For information or questions mail to: firstname.lastname@example.org
1.19 Uramatsu Handayu Takanao (kabuki name)
True name: unknown, falling backwards into the snow.
Katana mei: Osafune Sukesada?
Wakizashi mei: unknown
Uramatsu Takanao was the eldest son of Uramatsu Kihei, 6 feet tall, strong, skilled in the martial arts, and a superbly powerful young man. His father, who’s full name was Uramatsu Kihei Hidenao, became a priest and took the name Ryuen (see print 1.42). The family lived in Hatchobori and later moved to Honjo.

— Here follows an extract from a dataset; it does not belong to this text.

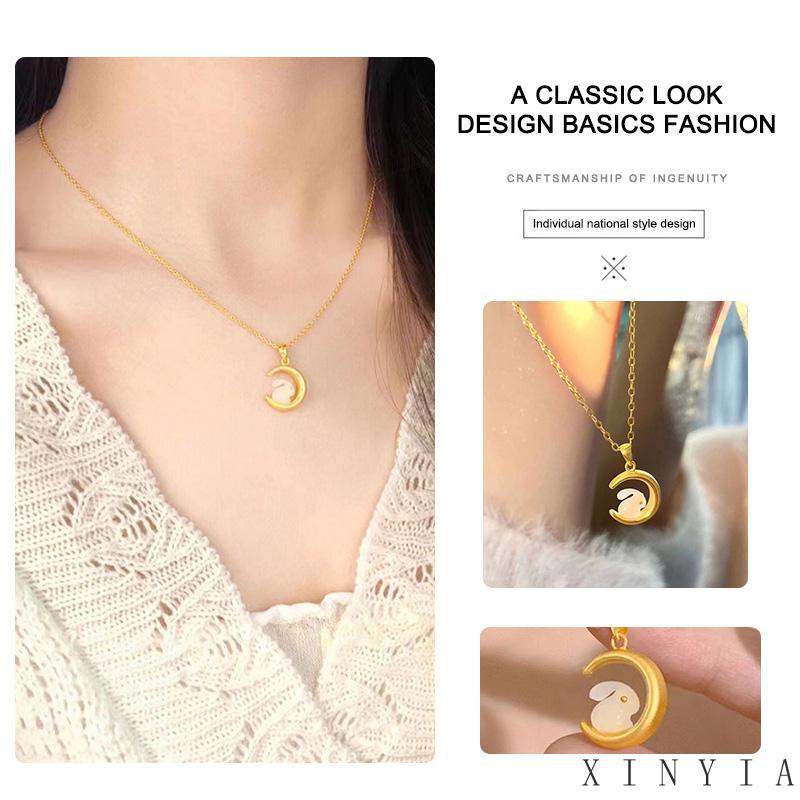 【Bayar di tempat】 2023 kalung Hetian Vintage Rasa Perhiasan Pesta Pesona Hewan Imitasi Jade Bunny Necklace Liontin Kalung hari Valentine kalung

Takanao took his sword to the sharpener, Tazaemon, to be honed and went to get it early in December. He was overjoyed at the work that had been done and added a tip of one bu when he paid the fee.

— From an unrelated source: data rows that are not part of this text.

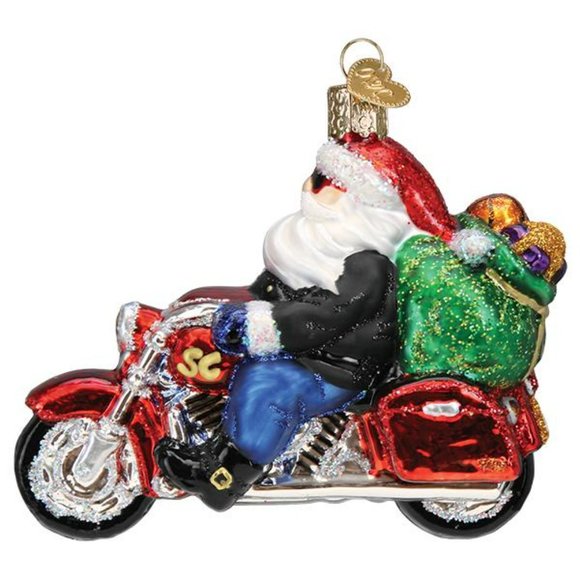 Biker Santa Christmas Ornament with Keepsake Box | Old World Christmas | NWT - Picture 4 of 8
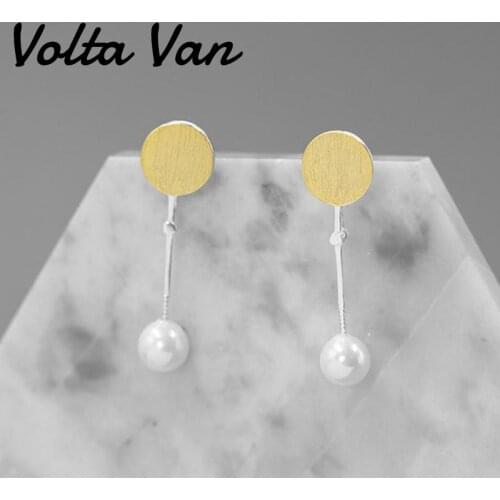 Volta Van Pendientes Plata Drop Earrings 925 Sterling Silver Shell Beads Elegant Fine Jewelry 2021 New Concise Fashion Earrings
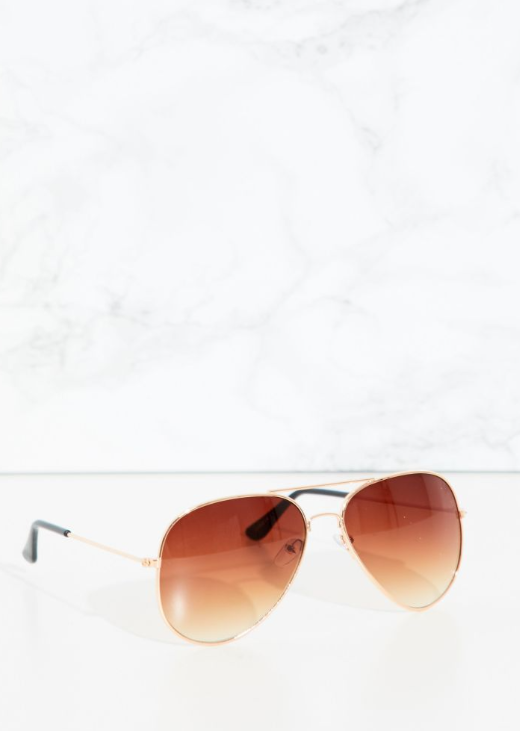 Brown Metal Aviator Sunglasses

Then he told Tazaemon that he was leaving for his home soon, and Tazaemon brought out a feast of fish and sake. Takanao got quite drunk and asked his host what he might test his sword against. Tazaemon saw that he had a determined man here and suggested that he should cut the pillar of supporting eaves. ‘That’s not hard’. ‘I’ll do it’ said Takanao, and, with a shout, cut the pillar off at an angle. The blade was made by Osafune Sukesada, and Takanao’s technique was that of Shinkage school. He might as well have been slicing a daikon.
Off to the side, the host was amazed by the sharpness of the blade and let out a shout. When word of the night attack by the faithful band got around not long after that, stories where told of Tazaemon’s pillar, and curiosity seekers came to look at it.
In the attack Takanao came upon Kasahara Choshichi in the garden and killed him. When he practiced, his swing would bring down pine branches. One large one with snow on it knocked him on his backside. He laughed about that.
Afterwards he told his comrades the story.